- Task to complete -
In this exercise, the entries below include pictures. Repeat exactly the lines from the line with "дикая природа, птицы, пейзаж" to the line with "1917 #えるポピの絵日記かくところ", including both, but without the pictures.
== Segment start ==
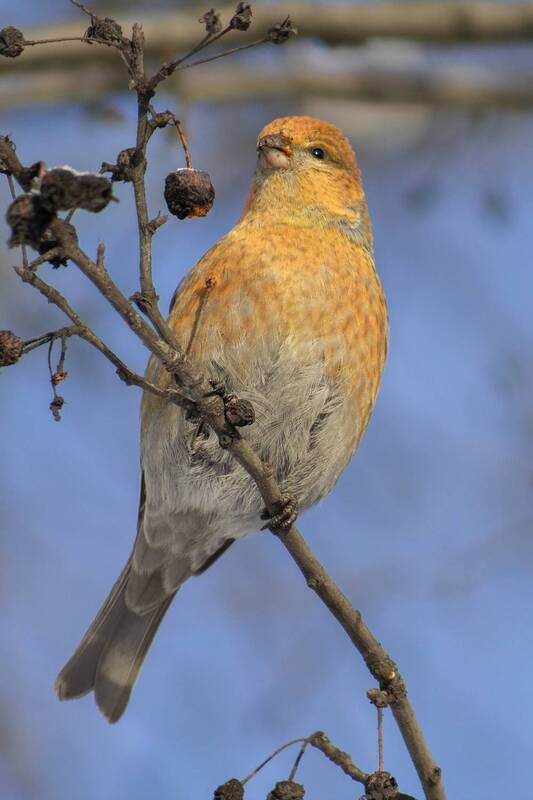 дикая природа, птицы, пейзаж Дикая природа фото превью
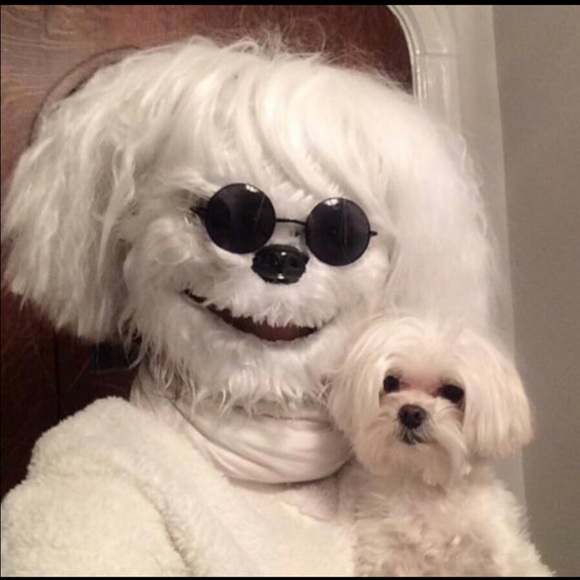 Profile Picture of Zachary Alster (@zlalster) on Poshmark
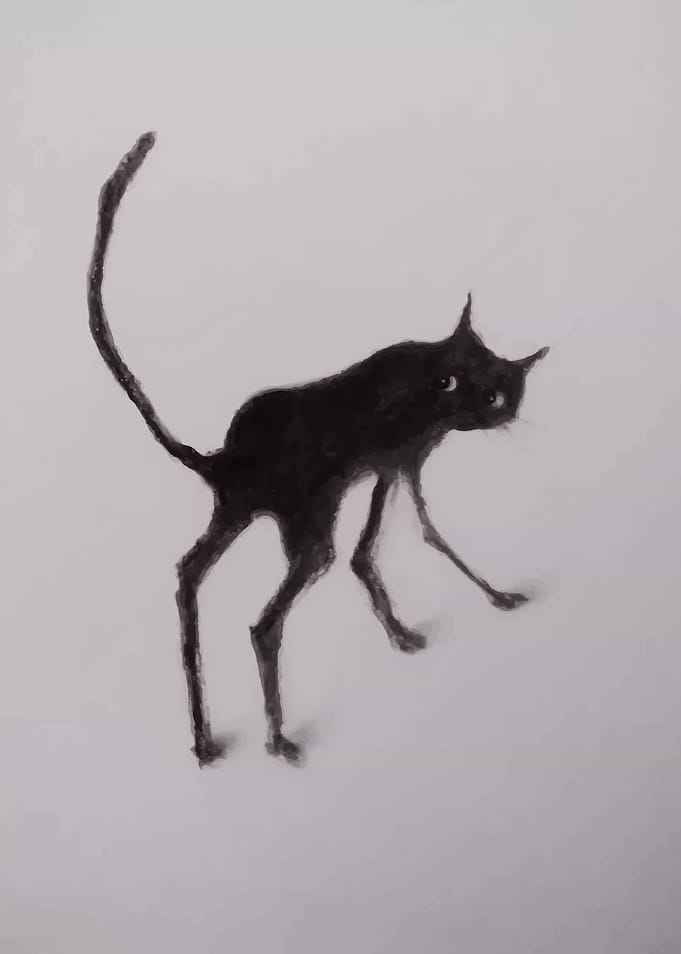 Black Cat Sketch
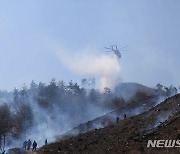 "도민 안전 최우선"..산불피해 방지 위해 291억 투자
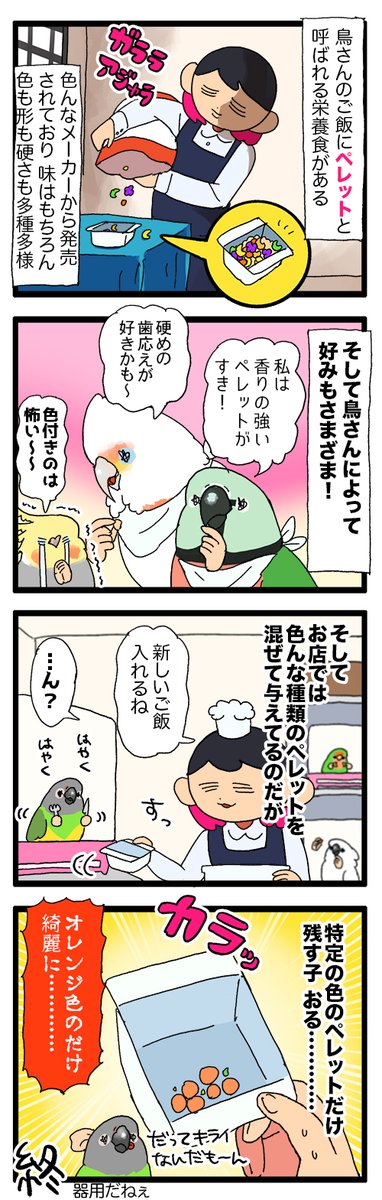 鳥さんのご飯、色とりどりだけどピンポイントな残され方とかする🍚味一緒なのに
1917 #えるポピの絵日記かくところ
== Segment end ==
== Segment start ==
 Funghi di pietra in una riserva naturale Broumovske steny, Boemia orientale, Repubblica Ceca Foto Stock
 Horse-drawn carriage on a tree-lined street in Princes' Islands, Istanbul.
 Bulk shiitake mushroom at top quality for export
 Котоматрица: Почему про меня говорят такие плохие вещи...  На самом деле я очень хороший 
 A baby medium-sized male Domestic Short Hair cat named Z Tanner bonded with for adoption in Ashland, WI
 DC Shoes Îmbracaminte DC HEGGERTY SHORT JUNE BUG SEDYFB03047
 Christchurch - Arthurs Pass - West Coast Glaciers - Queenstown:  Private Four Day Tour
== Segment end ==
== Segment start ==
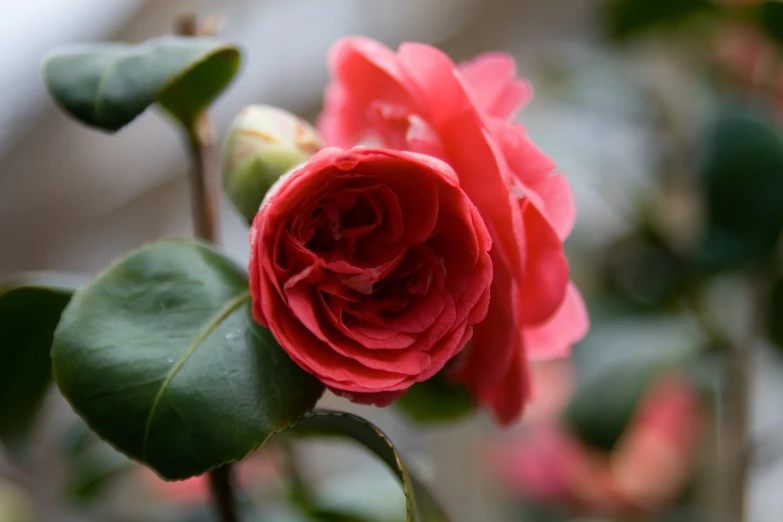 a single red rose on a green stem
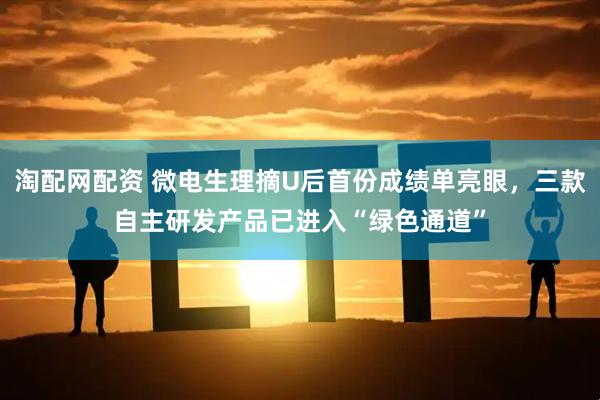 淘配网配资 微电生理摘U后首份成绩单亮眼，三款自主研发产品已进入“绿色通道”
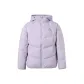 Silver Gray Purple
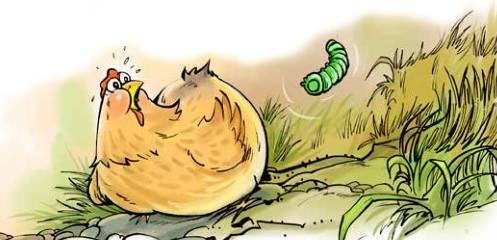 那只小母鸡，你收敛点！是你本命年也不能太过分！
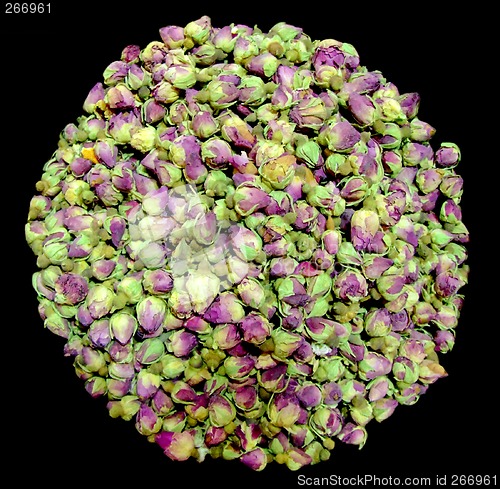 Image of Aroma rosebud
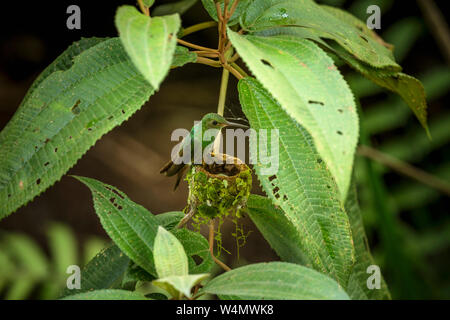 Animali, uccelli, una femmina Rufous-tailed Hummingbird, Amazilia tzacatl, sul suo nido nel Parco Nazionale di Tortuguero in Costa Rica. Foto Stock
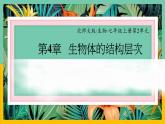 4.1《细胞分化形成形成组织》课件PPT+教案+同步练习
== Segment end ==
- Answer below -
 дикая природа, птицы, пейзаж Дикая природа фото превью
 Profile Picture of Zachary Alster (@zlalster) on Poshmark
 Black Cat Sketch
 "도민 안전 최우선"..산불피해 방지 위해 291억 투자
 鳥さんのご飯、色とりどりだけどピンポイントな残され方とかする🍚味一緒なのに
1917 #えるポピの絵日記かくところ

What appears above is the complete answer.